> _Source data_
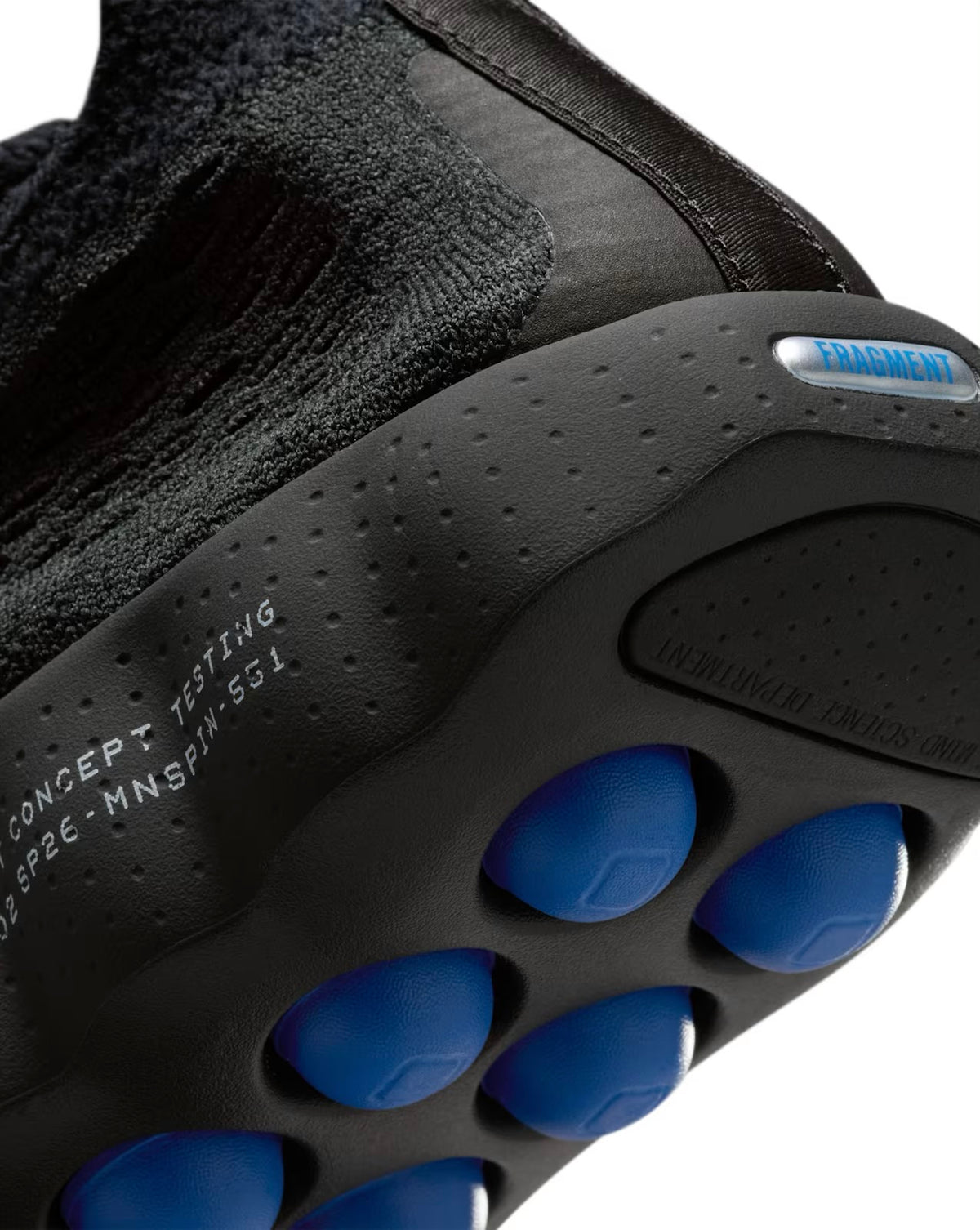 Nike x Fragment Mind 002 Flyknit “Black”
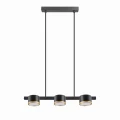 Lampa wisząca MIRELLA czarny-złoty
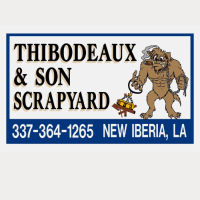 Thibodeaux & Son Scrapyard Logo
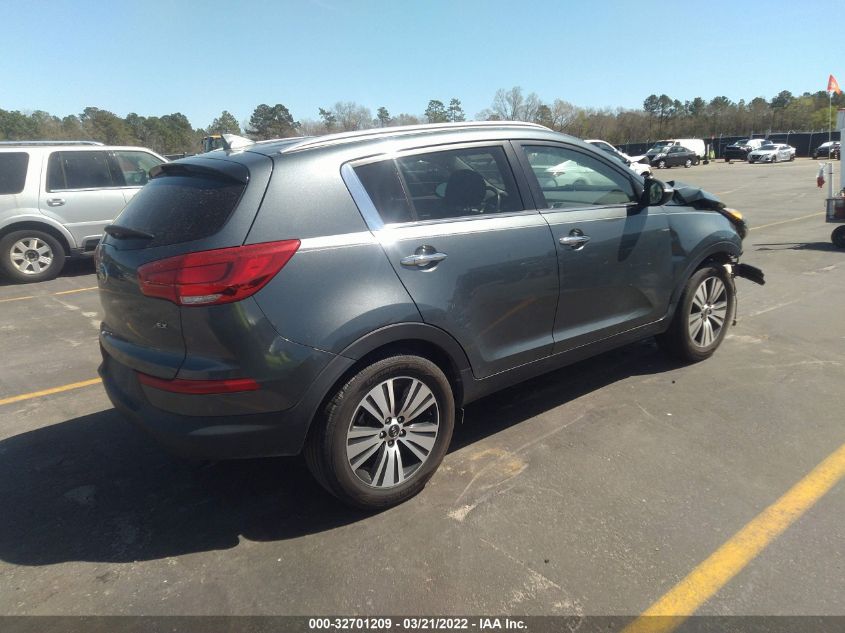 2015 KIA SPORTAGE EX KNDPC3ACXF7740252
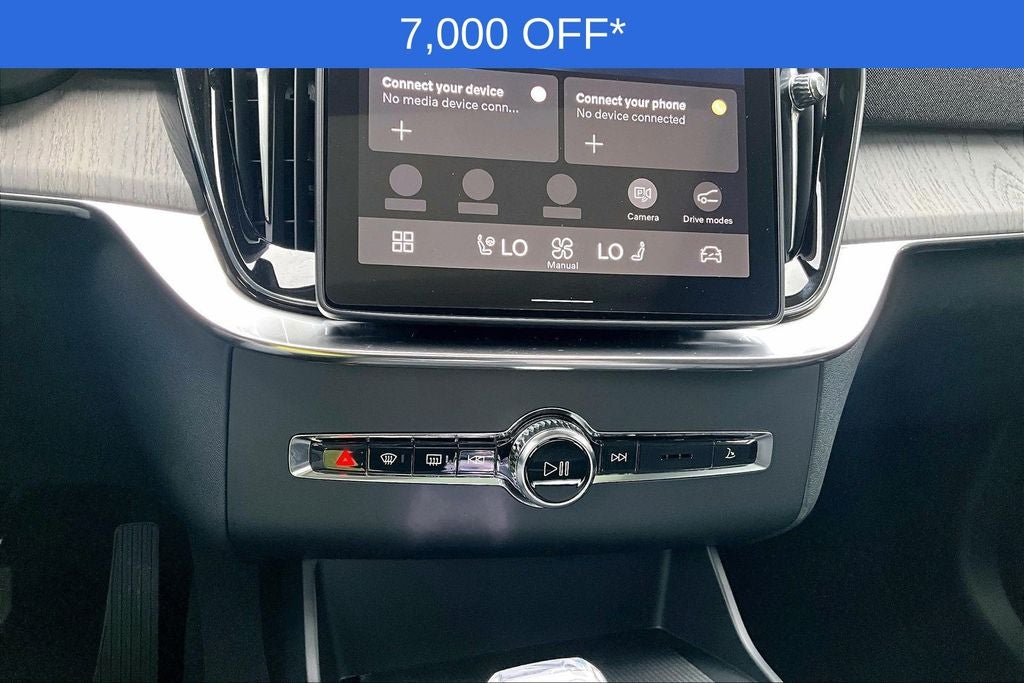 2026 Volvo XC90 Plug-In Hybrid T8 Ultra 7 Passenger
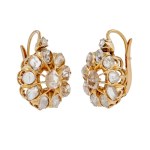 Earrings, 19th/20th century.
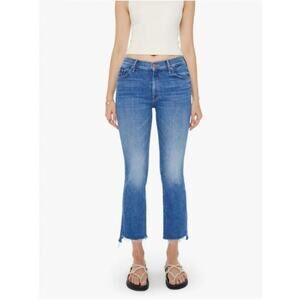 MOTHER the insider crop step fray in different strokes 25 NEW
--
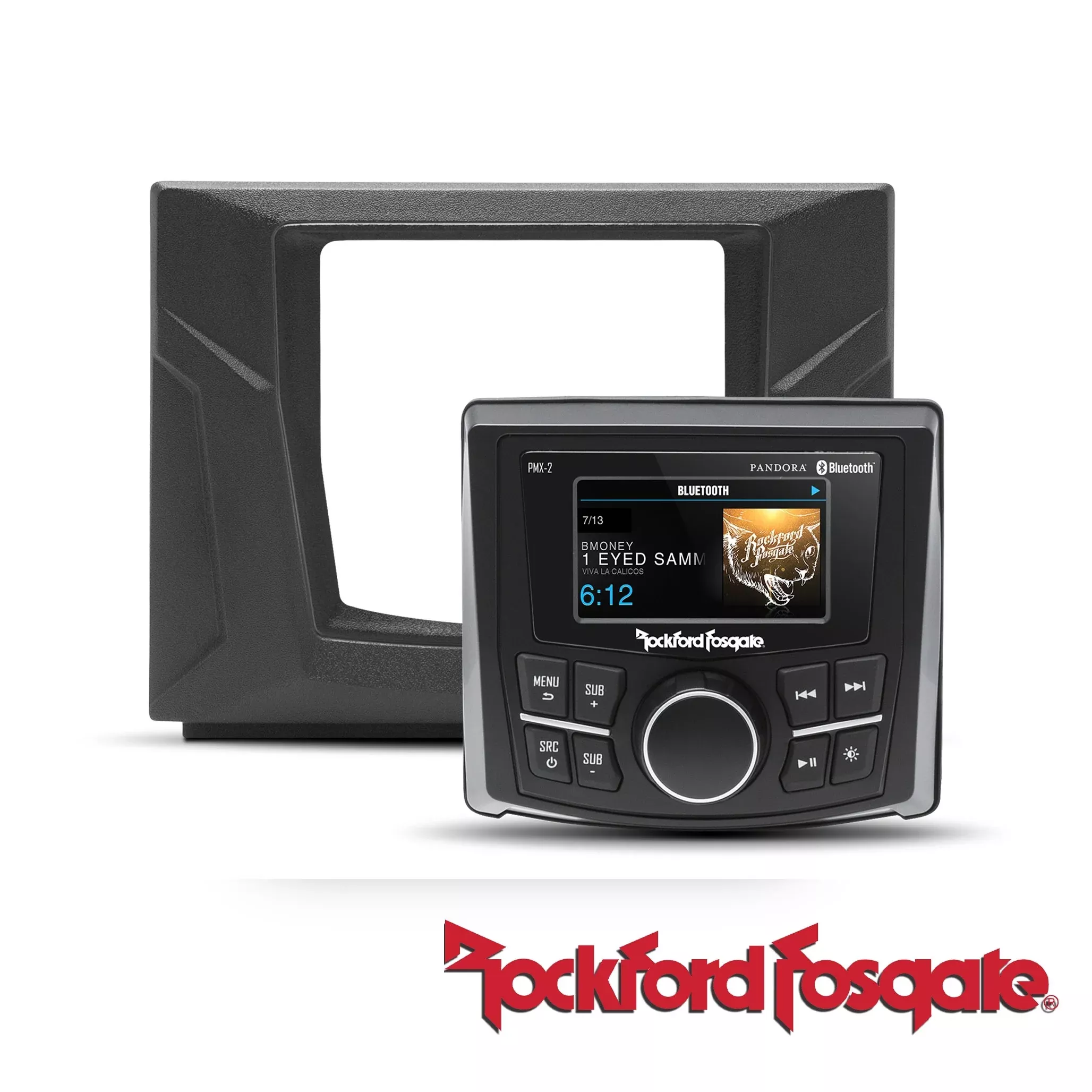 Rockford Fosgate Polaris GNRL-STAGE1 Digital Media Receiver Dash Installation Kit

> _Work instruction_
Produce an exact reproduction of the listing above, limited to the lines starting at the line with "2015 KIA SPORTAGE EX KNDPC3ACXF7740252" and ending at the line with "MOTHER the insider", both kept, with every picture left out.

> _Reply_
 2015 KIA SPORTAGE EX KNDPC3ACXF7740252
 2026 Volvo XC90 Plug-In Hybrid T8 Ultra 7 Passenger
 Earrings, 19th/20th century.
 MOTHER the insider crop step fray in different strokes 25 NEW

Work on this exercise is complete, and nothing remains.